PROBLEM TO SOLVE =
Write out the listing from the line with "滨海中考各学校升学率,关注中考成绩" to the line with "Bed And Breakfast", both lines included, exactly and nothing beyond. Leave pictures out.

ENTRIES SUPPLIED =
_ _ _ _ _ _ _

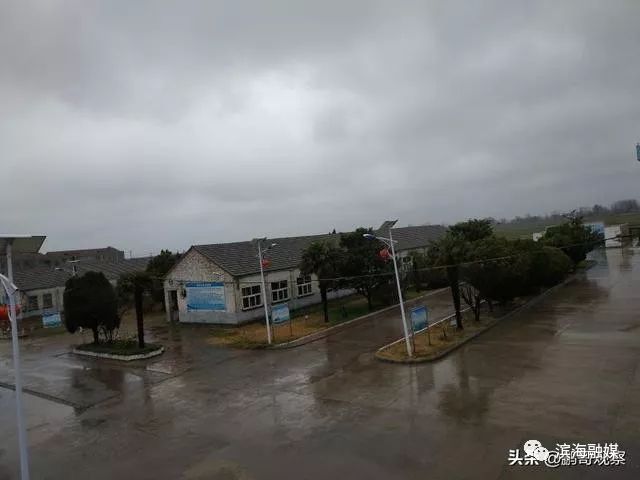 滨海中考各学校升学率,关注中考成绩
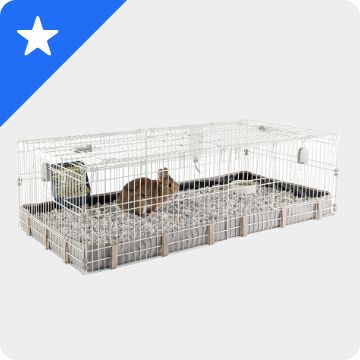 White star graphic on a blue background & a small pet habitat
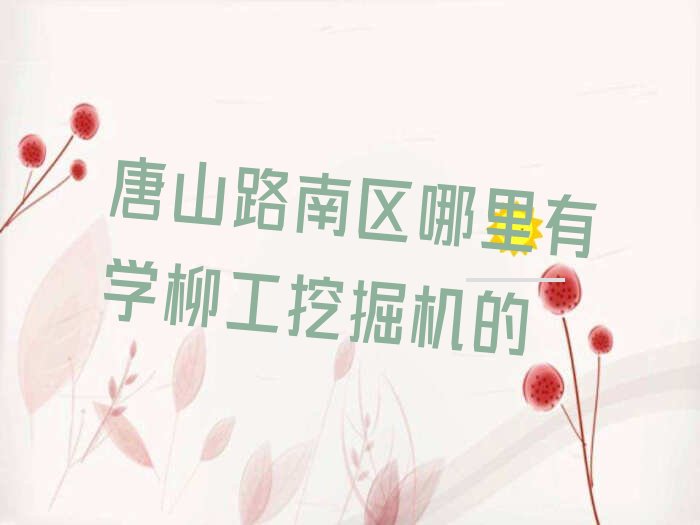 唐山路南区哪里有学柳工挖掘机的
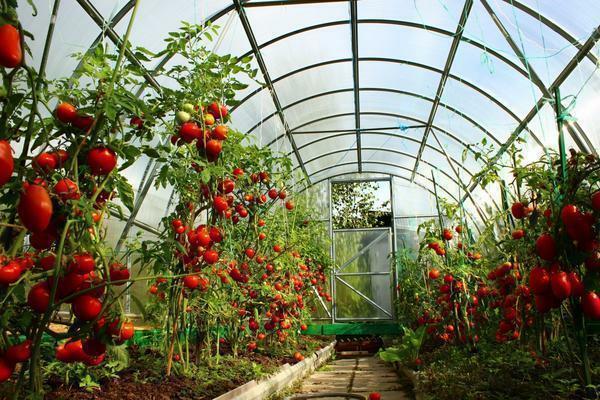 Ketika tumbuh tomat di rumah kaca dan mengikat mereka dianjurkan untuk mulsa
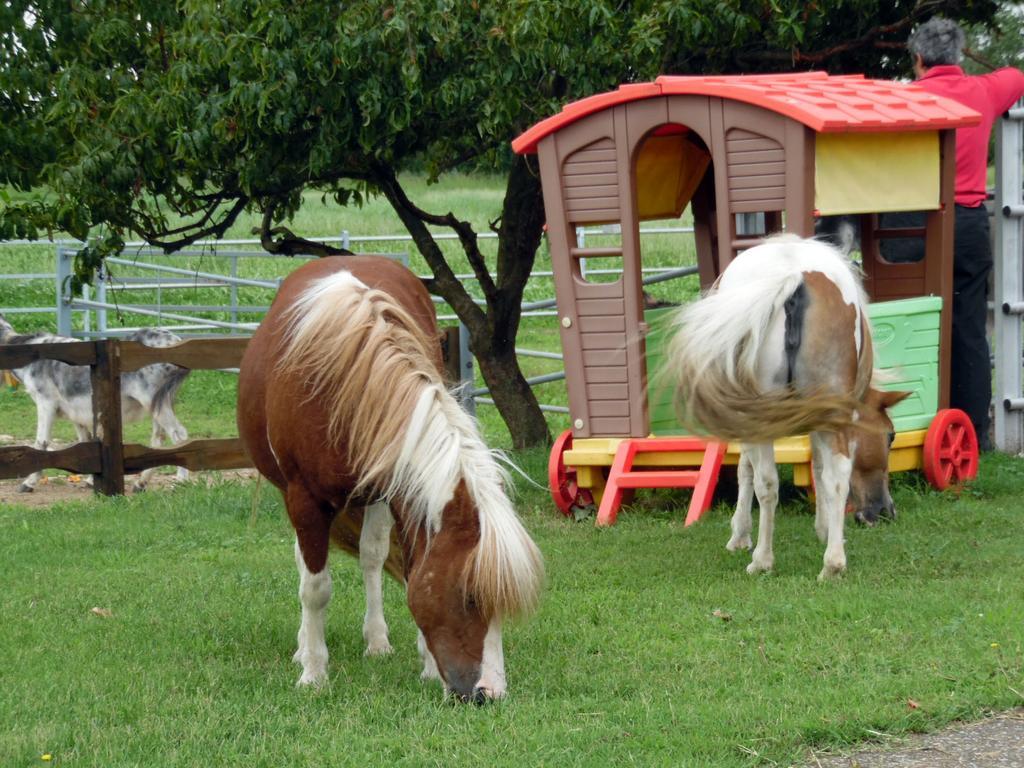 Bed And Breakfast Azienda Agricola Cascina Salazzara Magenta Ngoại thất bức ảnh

_ _ _ _ _ _ _

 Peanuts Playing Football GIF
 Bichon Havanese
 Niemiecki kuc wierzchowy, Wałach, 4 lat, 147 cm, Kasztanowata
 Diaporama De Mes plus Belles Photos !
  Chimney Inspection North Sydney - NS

_ _ _ _ _ _ _

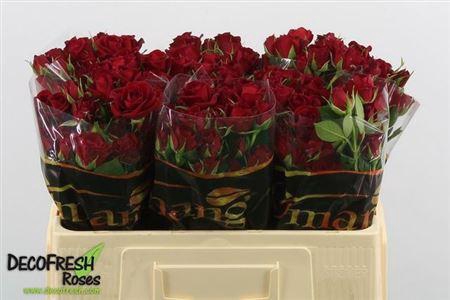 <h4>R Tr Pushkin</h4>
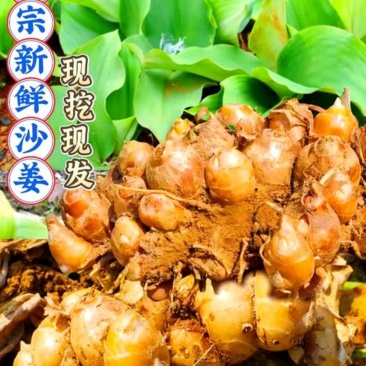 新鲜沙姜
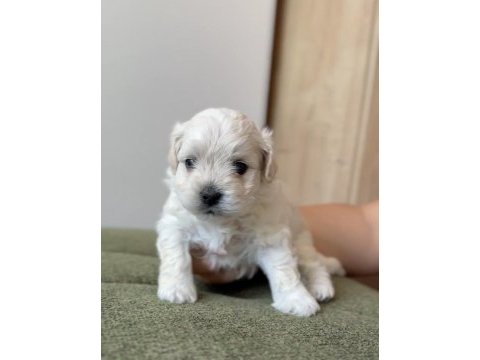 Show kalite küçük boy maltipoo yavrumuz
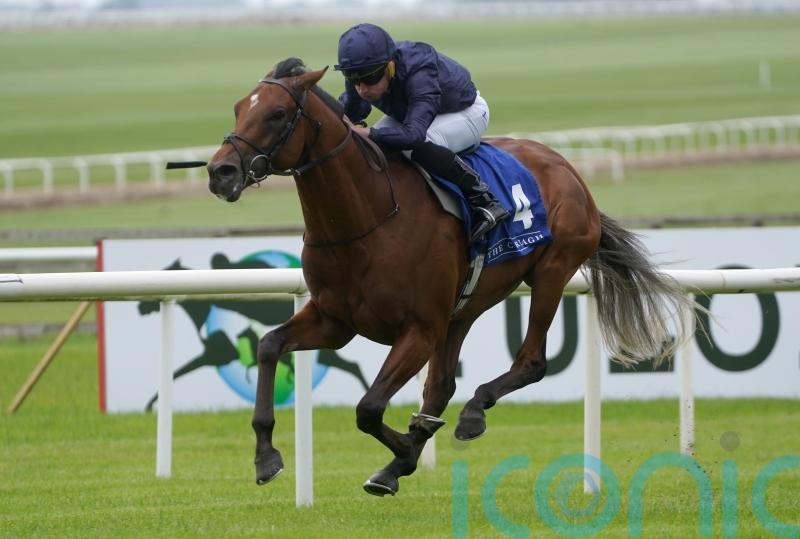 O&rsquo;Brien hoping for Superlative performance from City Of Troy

_ _ _ _ _ _ _

RESPONSE FOR THIS EXERCISE =
 滨海中考各学校升学率,关注中考成绩
 White star graphic on a blue background & a small pet habitat
 唐山路南区哪里有学柳工挖掘机的
 Ketika tumbuh tomat di rumah kaca dan mengikat mereka dianjurkan untuk mulsa
 Bed And Breakfast Azienda Agricola Cascina Salazzara Magenta Ngoại thất bức ảnh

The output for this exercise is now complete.